____ Data for review
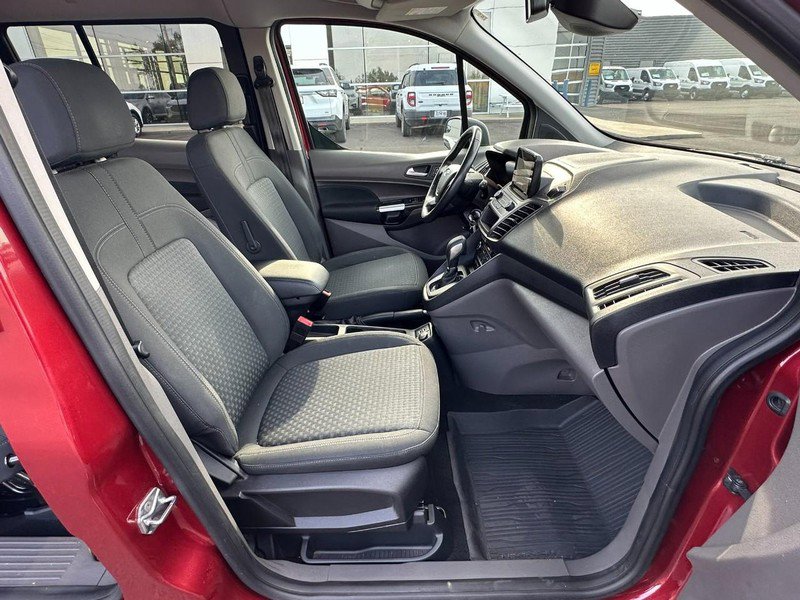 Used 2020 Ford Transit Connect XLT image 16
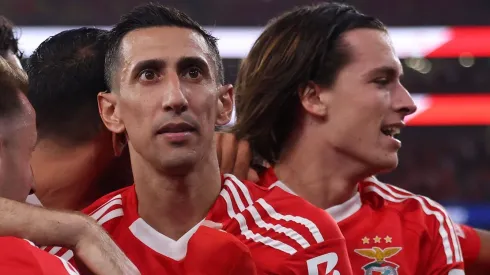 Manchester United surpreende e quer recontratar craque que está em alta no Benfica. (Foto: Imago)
________
____ Data for review
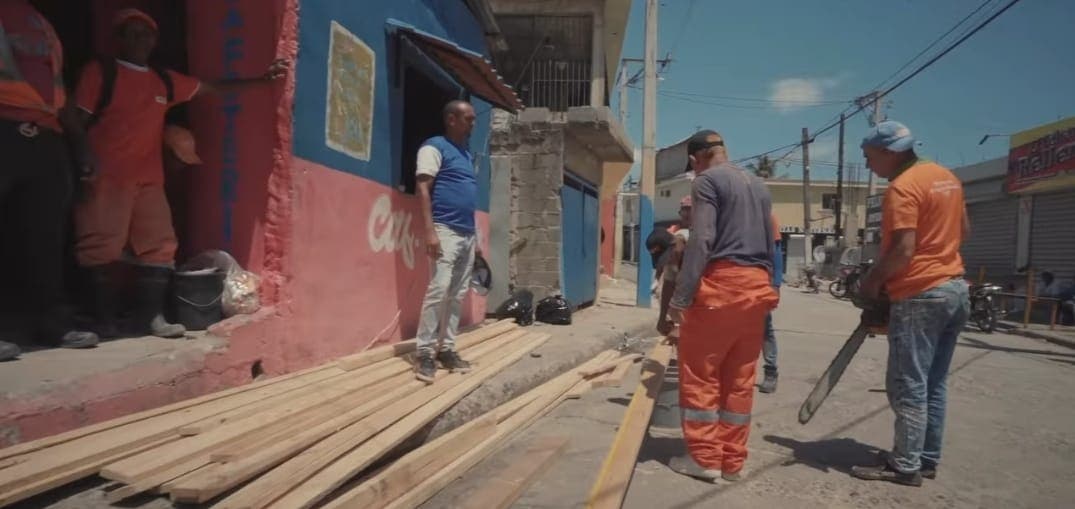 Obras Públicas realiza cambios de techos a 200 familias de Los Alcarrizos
________
* [Problem requirements]: In the records above, copy exactly everything from the line that has "Used 2020 Ford Transit Connect XLT image 16" down to the line that has "Manchester United surpreende", both ends included, and leave out the pictures.

* [Result of this exercise]:
 Used 2020 Ford Transit Connect XLT image 16
 Manchester United surpreende e quer recontratar craque que está em alta no Benfica. (Foto: Imago)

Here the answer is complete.